If we do not follow the compositing approach described, we may end with some “extra-cloudy” composited images. For instance, if we choose to merge the patches in the 228–81 / 229–81 / 228–82 order, we get the first pair of the upper images (bands in false color — cloud mask) and maintain most of the clouds. But, if we pick the order: 229–81 / 228–81 / 228–82, we get the two lower images, quality is good, keeping only a small fraction of clouds. In this way, we “maximize” the valid area while minimizing the cloud disturbances.
Compute the water content
After all the patches have been merged into a single composite image, we measure the area covered with water (the lake) using the Modified Normalized Difference Water Index (MNDWI). This index utilizes the green and the Middle infrared (MIR) band to detect water features, computed as:
MNDWI=(green -MIR)/(green+MIR),
whereas
NDWI = (green-NIR)/(green+NIR).
Note that this index is closely related to the normalized difference water index (NDWI) of McFeeters (1996) that uses the Near Infrared (NIR) band instead of the MIR.
Once calculated the index, we extract the Lake “mask” using simple thresholding and its corresponding polygon. Then, we may use the polygon to calculate the area, perimeter, and other geometrical properties.
The above procedure is applied to all the composite images for the 1986–2020 period to obtain the time evolution of the Mar Chiquita area.
We observe that the area remains stable (despite the seasonal variations) in the 1986–2008 period. But from 2008 to 2013, it started to decrease (we added an — arbitrary — red dotted line at 5000 km², for reference). However, in the last five years, the lake regained a fraction of the extension lost in the previous two decades, having an extension between 3000 km² and 5000 km².
Next, we show an animation of the time evolution of the lake area. For reference, we also show, its maximum value over the the period analyzed (grey contours)
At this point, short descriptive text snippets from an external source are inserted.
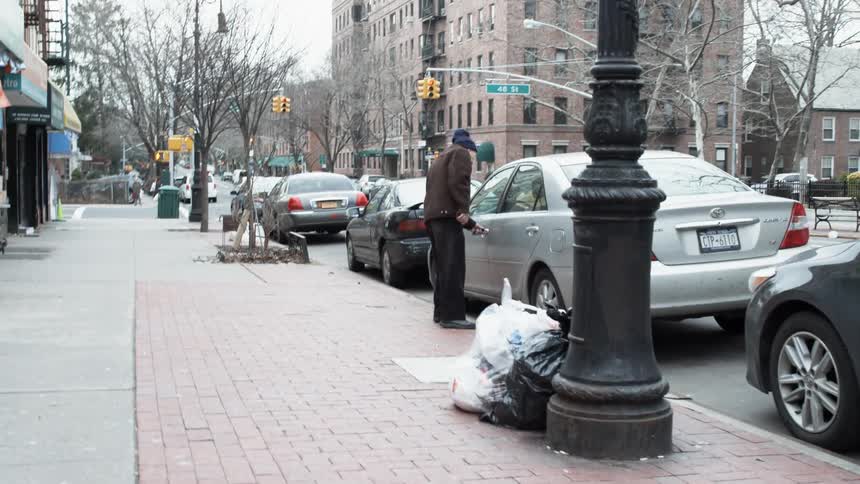 A man approaches a car parked on a city street, opens its door, and gets in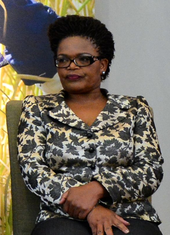 A woman with glasses, Beatrice Mtetwa, sitting in a chair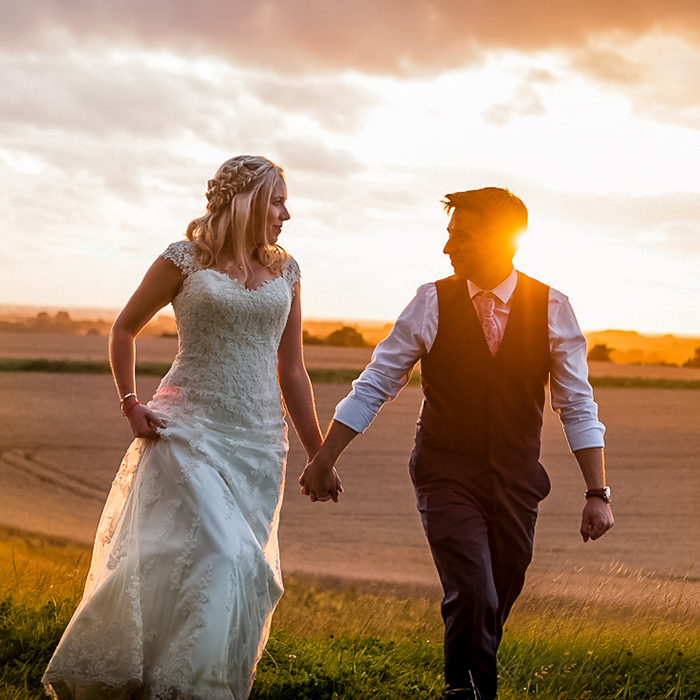 romantic wedding couple holding hands at sunset  East Yorkshire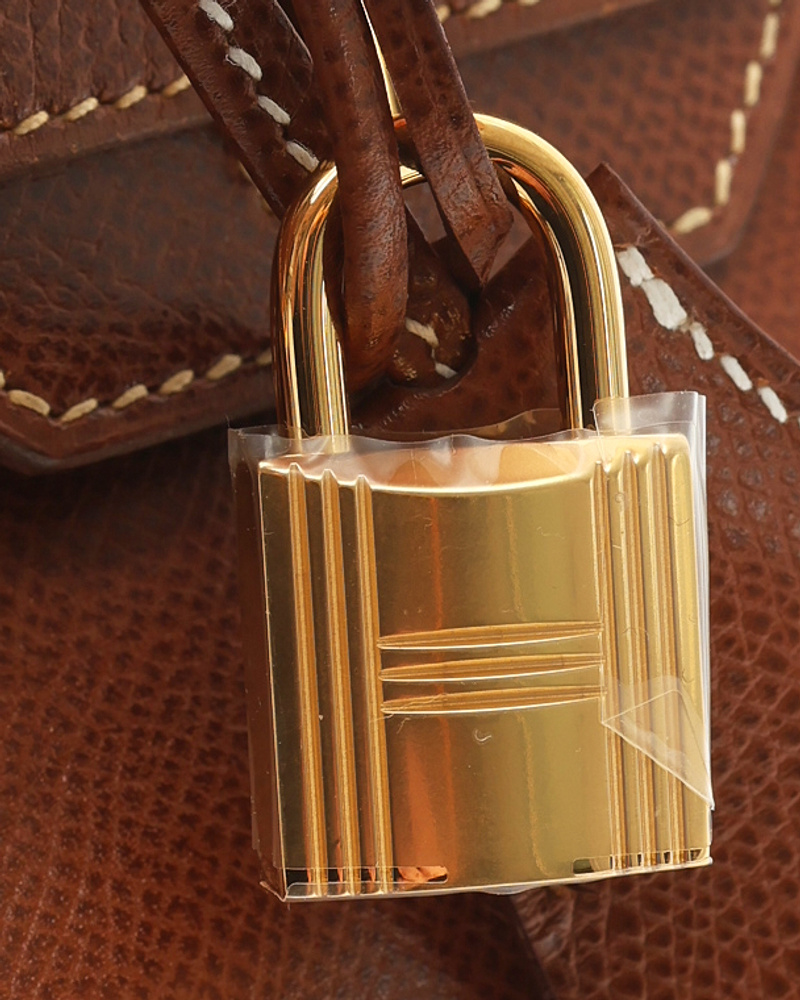 Close-up of the gold-toned padlock on the brown Hermès Birkin 30 Courchevel Bag, highlighting the hardware and leather texture.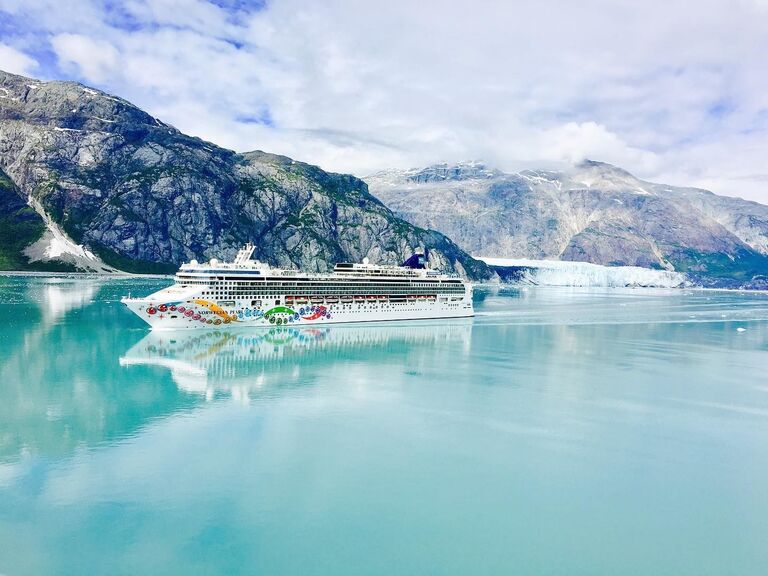 Cruise ship passing mountains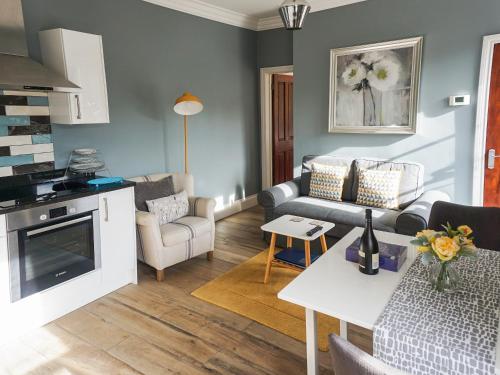 a living room with a couch and a table at Bookkeepers Place in Bakewell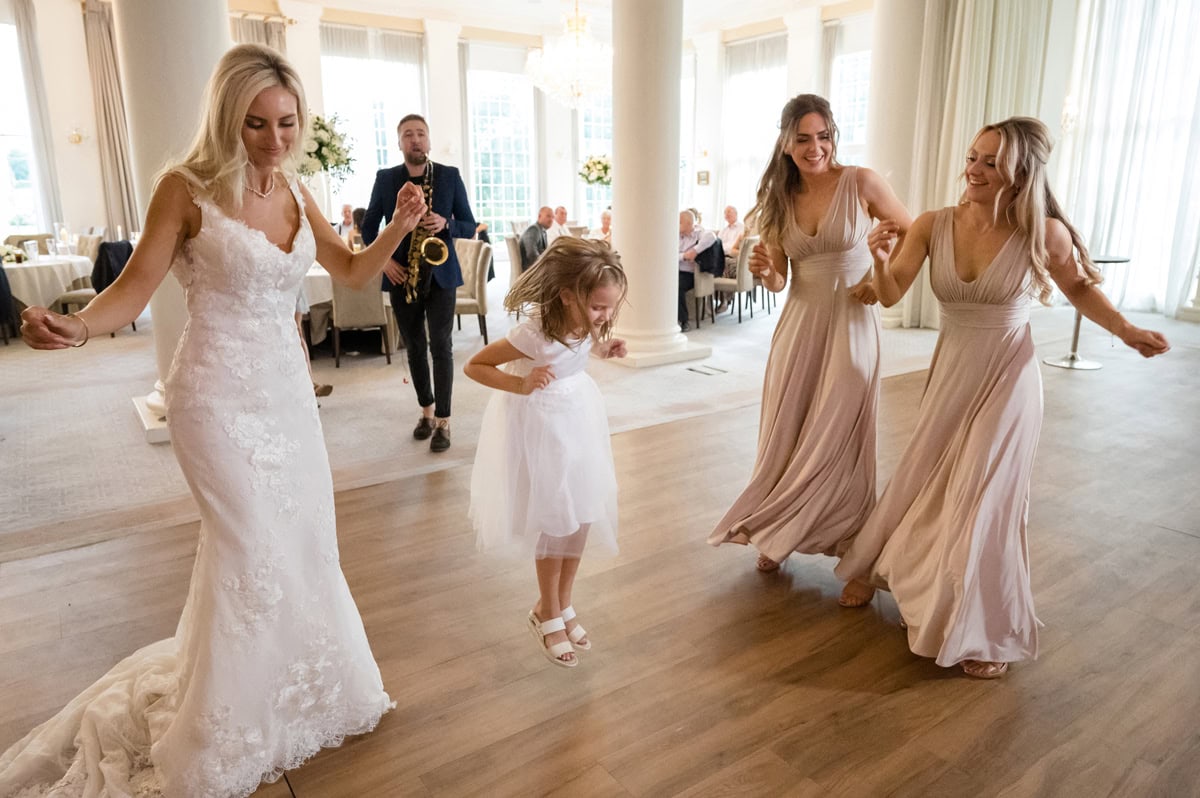 A lively scene of bride, bridesmaids, and a flower girl dancing at a wedding with a saxophone player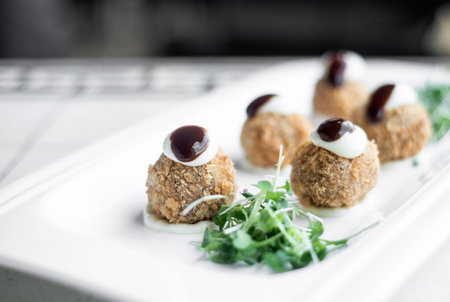 gourmet organic scotch quail eggs starter snack on tableの写真素材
Notice that the extracted shape is not always “clean” since some artifacts like small clouds can be observed, but it gives a clear trend on Mar Chiquita area’s behavior over time. Next, we also show an animation with selected “color images’’ (False Color in this case) from Mar Chiquita. The animation shows that in some cases, the merging is smooth (we do not observe stripes along the merging border). However, in some cases we observe abrupt spatial changes in color and contrast. In future work, we will explore how this difference can be minimized by adjusting or calibrating the patches.
Final Remarks
This short article shows how remote sensing imagery can be used to monitor the spatial extent of a large water body, the Mar Chiquita lake. However, we also pointed out some of the difficulties inherent to these optical images to deal with cloudy regions. An interesting approach that we would like to explore in the future is complementing this analysis with remote sensing information from Synthetic Aperture Radars (SAR). For example, notice the benefits of (also) using SAR, Landsat8 (optical) on one side and Sentinel 1 (SAR) on the other (images from sentinel_hub):
Just one day of difference in both images, but clouds turn unusable the Landsat image (or every other optical platform with that cloud day level).
All the processing was done by using Open Source Software, using python and geo-spatial data management libraries. I hope you liked it!
I want to thanks to aperez for useful comments in the early version of this article.